We have strict policies that prohibit advertisers on our platforms from targeting individuals on the basis of sensitive categories such as race, sexual orientation, health conditions, pregnancy status, etc. If we found ads on any of our platforms that were violating our policies and attempting to use sensitive interest categories to target ads to users, we would take immediate action – A spokesperson for Google

A complaint filed last September by Ryan and two others about the online advertising system in the UK and Ireland alleges that the process risks the exposure of user location and tracking identifiers which can then be used to build long-term profiles. These profiles can then be combined with sensitive offline data, like a user’s income, social media influence, gender, political leaning, and sexual orientation.

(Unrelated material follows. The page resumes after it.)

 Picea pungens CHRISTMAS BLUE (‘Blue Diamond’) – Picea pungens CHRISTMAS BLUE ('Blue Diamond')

A demonstration of the same included a sample bid request on Google’s blog for developers, which came up with specific information regarding the person’s latitude and longitude, zip code, device details, and tracking ID. Ryan adds that this illustrates the human dimension of behavioral targeting, a process verging on the abstract due to its pervasive and opaque nature. A complaint in Poland filed by the Polish privacy-focused non-profit group Panoptykon Foundation includes the allegations made in the UK and Ireland and the new claims regarding the content category.

Google paid $57 million as a fine to French privacy watchdogs last week due to their violation of the GDPR in not having attained proper user consent while personalizing their advertising.